For those of you who don’t know why I’m here in Spain or who’ve not read from the beginning of this blog, I’m here to be a “hospitalera,” a volunteer host, in an albergue along the Camino de Santiago. We hospitaleras are here to support the pilgrims walking a Camino – by offering them a welcoming place to rest for the night after their day of walking. Some albergues offer evening meals in addition to a bed. The albergue where I am serving – Elias Valiña in Canfranc – offers a bed, a simple breakfast and laundry. Having someone launder your clothes at the end of a day or several days of walking is really appreciated, and an unusual perk for folks walking a Camino. Our albergue does not offer a pilgrim’s meal for dinner, as some do, but we have a really nice kitchen where people can cook their own meals. That said, we have been offering Pilgrims some food at night becuase the only bar/restaurant in town is closed for two weeks. If you have not packed your own food, the only option for procuring food in Canfranc at this point is the gas station 800 m away, and their offerings are slim as you might imagine.
On our first night on the job, May 16, our albergue was nearly full, 15 of the 16 beds were taken. Once the pilgrims were out the door the next morning, I got to work laundering the bed linens. I’ve never mastered folding fitted sheets, so perhaps this is my chance. While I focused on the laundry, Dana worked on cleaning and organizing the kitchens. The albergue is now in tip-top shape. Almost.

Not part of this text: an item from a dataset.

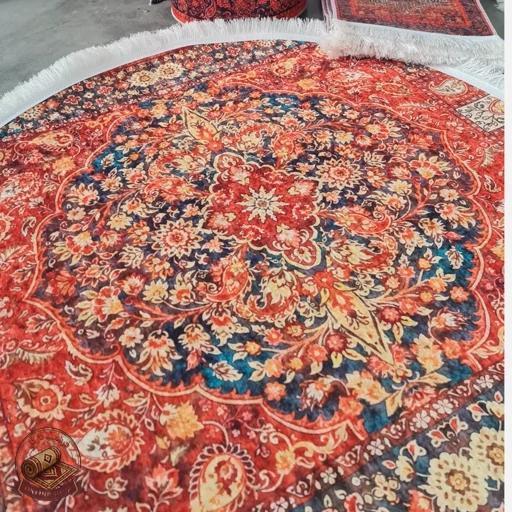 فرشینه مدرن جنس مخمل دایره ای استُپ دار (سفارشی) u111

Today I took the bus to Jaca, an easy 25 minute ride, to stock up on more food and supplies for the albergue. One of the women in the village, Maria, does a supply run once a week for the heavy stuff, such as milk, juice, fruit, yogurt, cleaning supplies, and cat food – because the local cats count on us to keep them happy too. But, we need food more than once a week, so trips to Jaca for provisions are needed. Maria speaks no English and my Spanish is weak, so we rely on Google Translate to manage shopping orders and other things.

Jaca is a small city with a compact old town and a Romanesque cathedral first built in the 11th century, with additions made over the next few hundred years. That breath of history is mind-boggling to a North American. I did not visit the cathedral today, but I’ve put that on the list of must-see places over the next couple weeks. So while I didn’t visit any cathedrals or the Citadel today, I did take in the lay of the land for Jaca, noting a few cafés and patisseries that will satisfy my sweet tooth one day.